Ways to Avoid Hamstring Injuries

By S.F. Heron

Hamstrings form the group of large muscles lining the back of the upper thigh. Football and basketball players aren't the only athletes who can get sidelined by hamstring strains. It can happen to golfers, too. These strong muscles help us bend the knee as well as move the leg backward. One step backward on the course with a weakened hamstring can sideline your golf game. Muscles need to be flexible to respond to the demands of any activity. Prevent hamstring injuries by performing regular stretching, wearing proper footwear, hydrating and allowing for warm-up and cool-down times.

Proper Footwear

You might be attached to your old golf shoes. Whether they provide a stroke of good luck, these favorite shoes might be adding to tenderness along the back of the thigh. Wearing shoes that offer proper supportive while golfing protects the hamstrings as well as the lower back--especially if you're walking 18 holes. Because most sports injuries can be called "overuse" injuries, protect your body with the best cushioning equipment possible, beginning with your feet. Be conscious of wearing the correct shoes when performing other activities as well.


Bright sunshine, a slight breeze and a can of beer might be your idea of the perfect day on the course. However, four hours later, your body is dehydrated from sweating and heat exposure. Hydrate your body well before stepping on the green. Drink plenty of fluids every 24 hours to keep you feeling your best. Drink 60 to 80 oz. of water each day, and supplement times of high activity with a sports drink and additional water consumption.

Warm-up and Cool-down

Stretch and jog lightly for 10 minutes before hitting the course.

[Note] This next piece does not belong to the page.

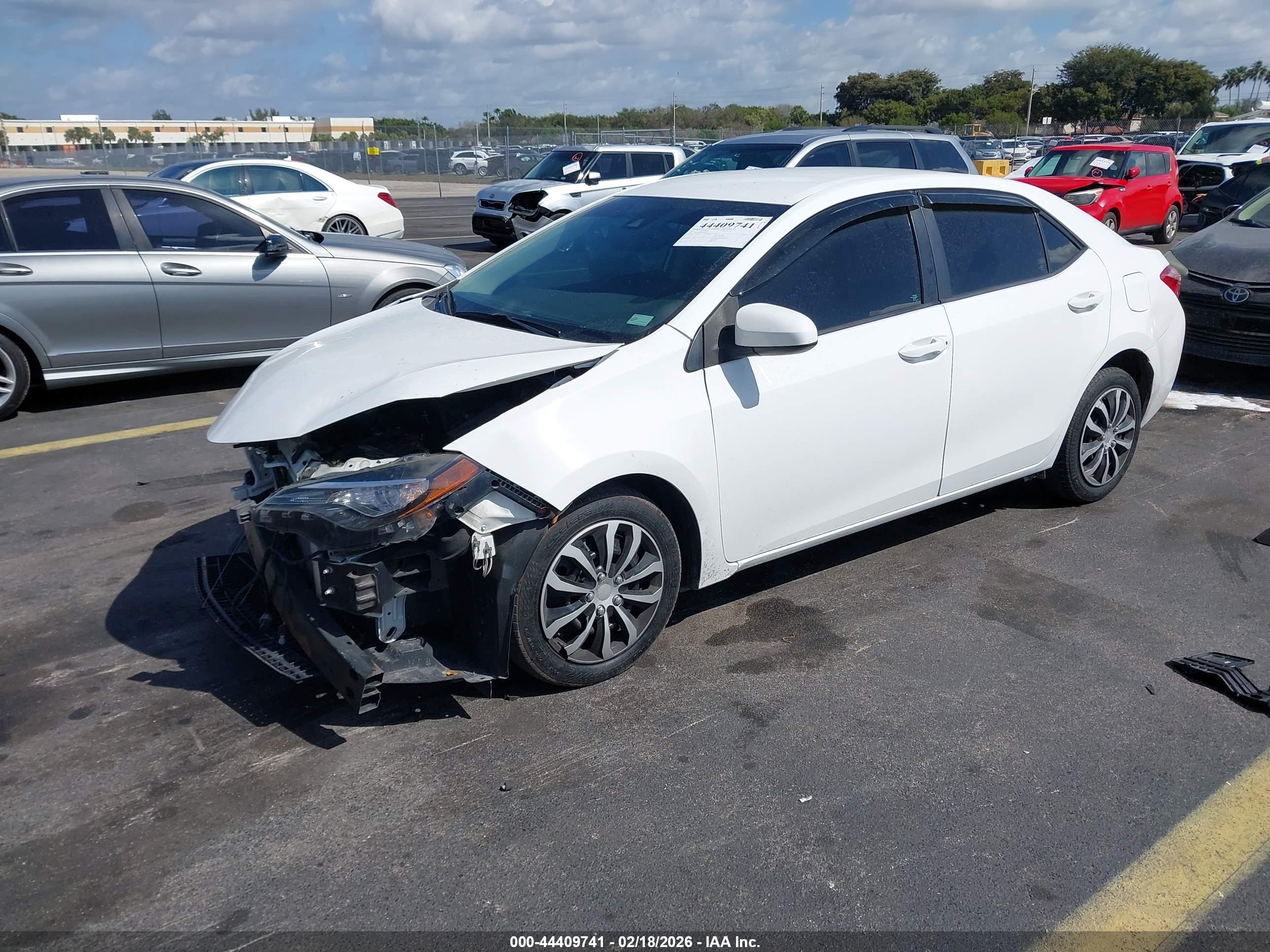 TOYOTA COROLLA image 2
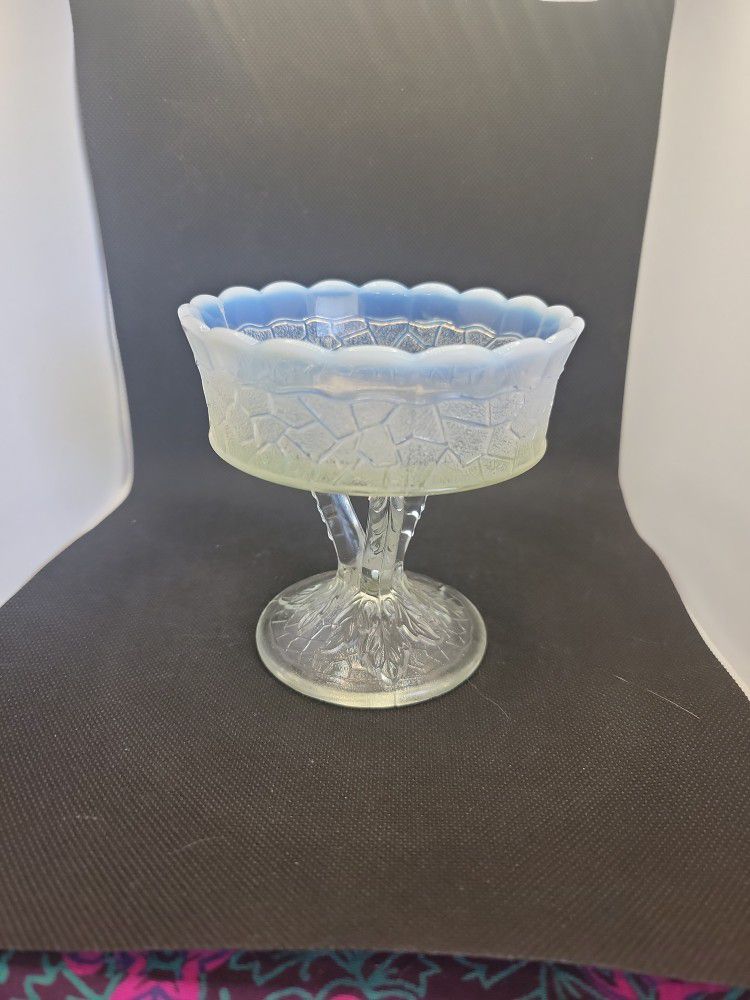 NORTHWOOD WHITE OPALESCENT MAPLE LEAF JELLY COMPOTE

Do jumping jacks, jump rope, run in place and stretch to increase flexibility. Hamstring injuries involve a lack of flexibility in the muscle. Exercise preparedness offers golfers the best way to avoid an overused muscle. Even if you think you don't use your hamstrings, consider your swing mechanics. Hamstring muscle activation occurs during a golf swing when weight transfers from one leg to the other during your follow-through. By warming up and doing a cool-down, you can protect your muscles from injury, increase your flexibility and maybe even improve your game.

Hamstring Stretches

Add hamstring stretches to your warm-up and cool-down routine. Sit on the floor and extend both legs forward. Lean forward with both hands toward the feet. Move slowly as you reach toward the toes and hold the stretch for five seconds. Release and repeat five to 10 times. Stand up, with your feet placed shoulder-width apart, and place one foot on a raised surface such as a chair seat or step. Lean forward slowly, stretching the hands toward the foot. Hold for a 10 count, release and repeat five times for each leg. Don't bounce or jerk during this movement. Try to stretch the hamstrings every day to improve overall muscle flexibility.